Prompt
Starting at the line that contains "photo de TAMPA" and ending at the line that contains "Photo of Livingroom in Yosemite Lakes", the lines below are to be given again exactly, with nothing added.

Data extract
####################
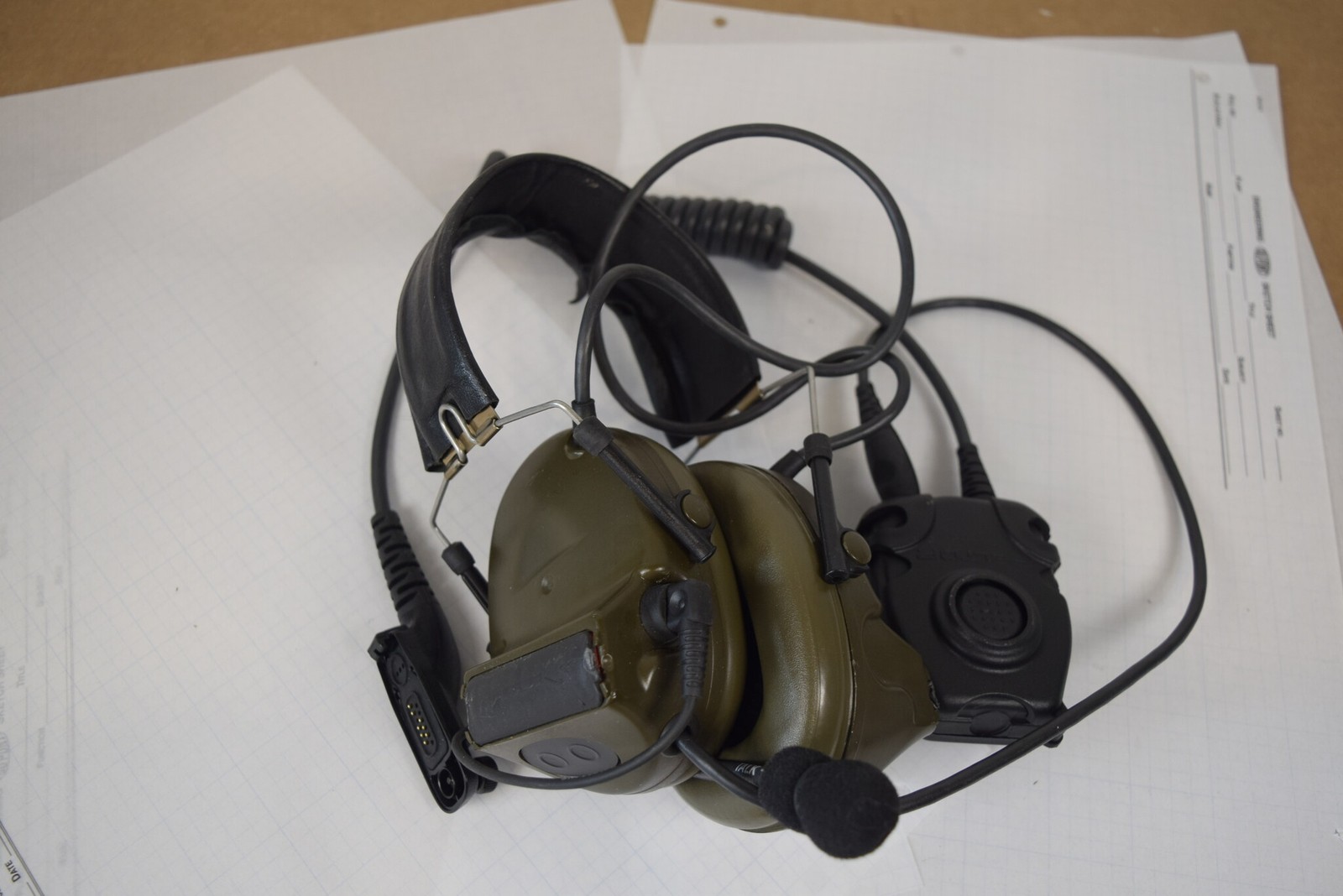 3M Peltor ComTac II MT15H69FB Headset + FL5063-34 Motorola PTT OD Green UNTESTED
####################
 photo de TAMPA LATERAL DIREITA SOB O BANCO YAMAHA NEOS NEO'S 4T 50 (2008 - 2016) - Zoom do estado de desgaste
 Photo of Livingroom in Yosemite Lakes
####################
Written reply
 photo de TAMPA LATERAL DIREITA SOB O BANCO YAMAHA NEOS NEO'S 4T 50 (2008 - 2016) - Zoom do estado de desgaste
 Photo of Livingroom in Yosemite Lakes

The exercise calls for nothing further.